小ネタです。

AWS IAM Policy を作成する際に以下の様なエラーが発生することがあります。

An error occurred (MalformedPolicyDocument) when calling the CreatePolicy operation: The policy failed legacy parsing

このエラー自体は汎用的なメッセージであり、発生原因はいくつか存在するようです。
JSONとしては正しいが、IAM Policy の仕様上許可されない場合に出力されるようです。

少し謎な仕様があったのでメモ。

基本

AWSマネジメントコンソールの Policy editor で表示される雛形です。

{
    "Version": "2012-10-17",
    "Statement": [
        {
            "Sid": "Statement1",
            "Effect": "Allow",
            "Action": [],
            "Resource": []
        }
    ]
}

文法に関する諸々は公式ドキュメントにまとまっています。

IAM JSON ポリシーリファレンス - AWS Identity and Access Management

先頭は `{` で始まる必要があります。

よくある話です。

空白や改行が先頭にあるとエラーになります。
Policy editor 上では少し詳しいメッセージ出力となり、作成時に “JSON strings must not have leading spaces” が出力されます。

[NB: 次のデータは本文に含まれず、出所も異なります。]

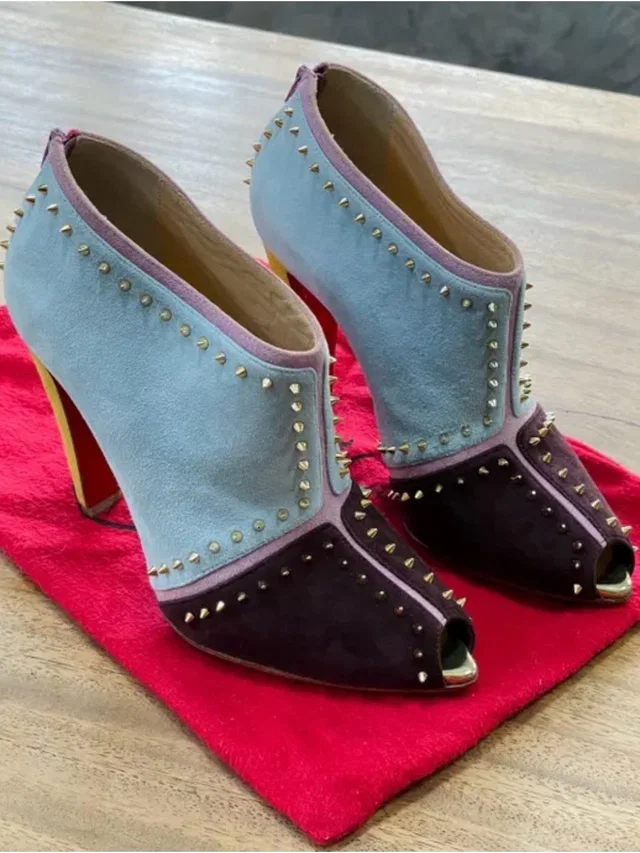 Christian Louboutin Color-Block Studded Suede Ankle Booties in blue|purple Suede from Poshmark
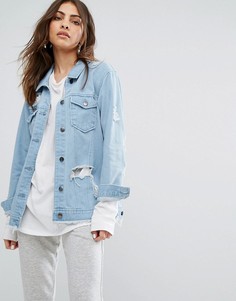 Состаренная джинсовая куртка с необработанным краем Daisy Street - Синий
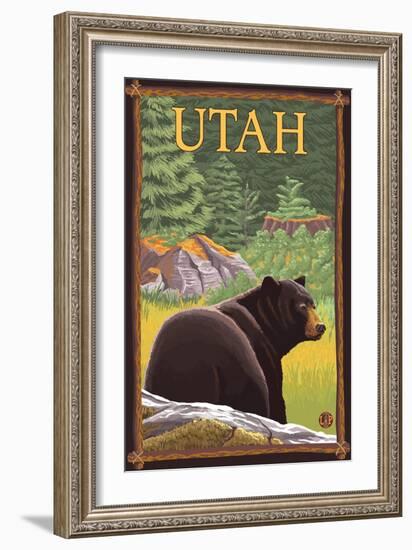 Black Bear in Forest - Utah-Lantern Press-Framed Premium Giclee Print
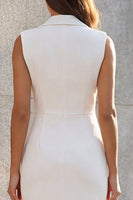 Load image into Gallery viewer, White Simple Notched Lapel Midi Ruched Work Dress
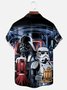 Moisture Wicking Star Robot Chest Pocket Hawaiian Shirt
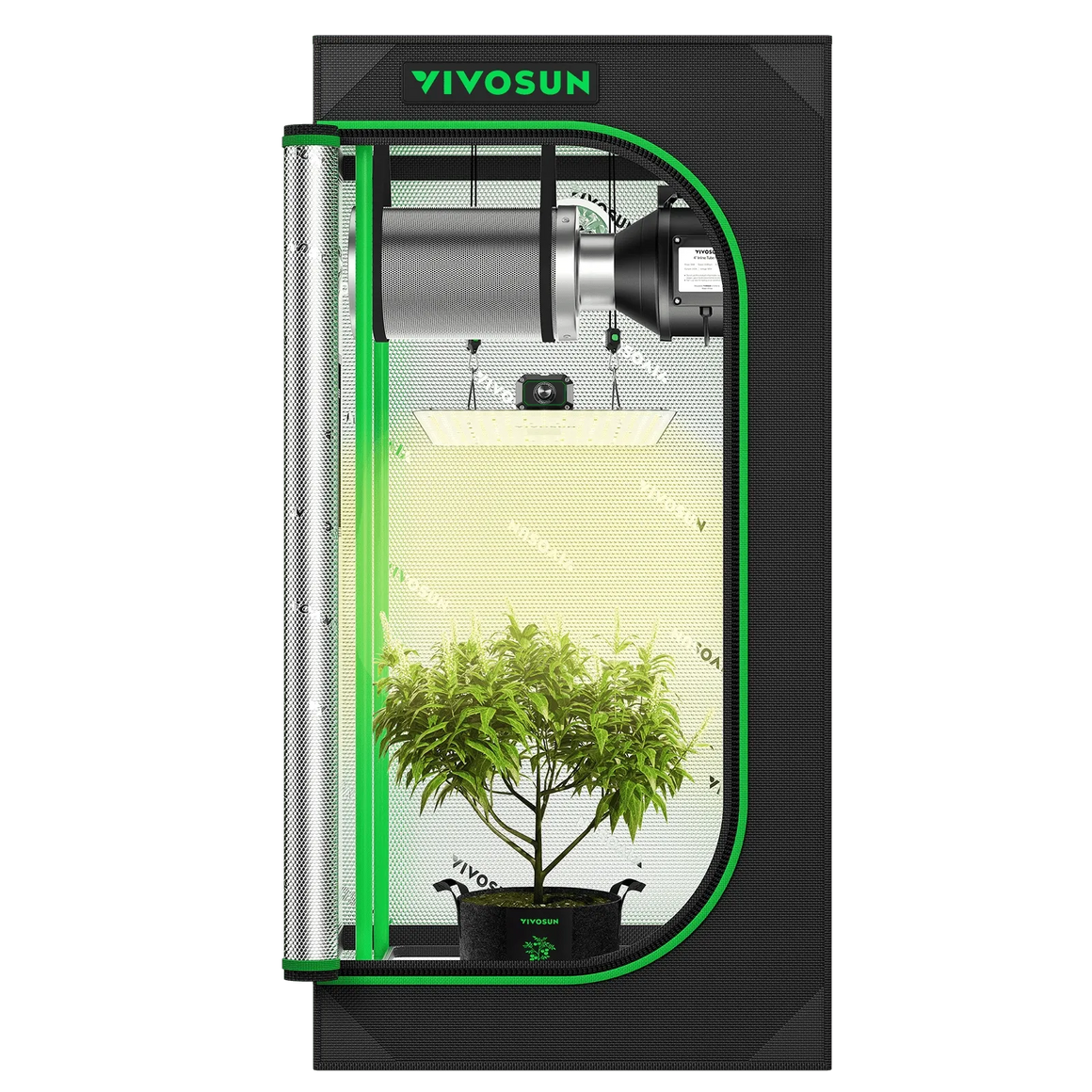 VIVOSUN grow tent kit with LED light, fan, filter, and plant.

作成時にと書いたのは、Validation 時点で判明せず、 “Next” ボタン押下時に出力されるためです。
CLI や SDK での実行では “The policy failed legacy parsing” としか教えてくれません。 access-analyzer での ValidatePolicy も通ります。

Statement は配列である必要があります。

本題です。Statement 要素は 配列 です。

"Statement": [{...},{...},{...}]

だがしかし、1オブジェクトでの作成は許可されます。

“Statement” が1つで済むポリシーは、値部分が配列である必要はなく、オブジェクトでも作成できます。

尚、この記述方法は公式ドキュメント上でも普通に使われています。

JSON ポリシー概要
- JSON ポリシー構文の例

だがしかしだがしかし、オブジェクトの場合は Version 要素が先頭である必要があります。

本題の本題です。

公式ドキュメント上の "ポリシーの文法に関する注意事項" に要素順は問わないとあるのですが、通りません。

IAM JSON ポリシー言語の文法 - AWS Identity and Access Management
- ブロックは任意の順序で記述できます。

+ cat policy.object.error.json
{
  "Statement": {
    "Effect": "Allow",
    "Action": "s3:ListBucket",
    "Resource": "arn:aws:s3:::example_bucket"
  },
  "Version": "2012-10-17"
}
+ aws iam create-policy --policy-name example-policy.object.error --policy-document file://policy.object.error.json

An error occurred (MalformedPolicyDocument) when calling the CreatePolicy operation: The policy failed legacy parsing

Policy editor での”Next”ボタン押下は通り、その後の “Create policy” ボタン押下後にエラーになります。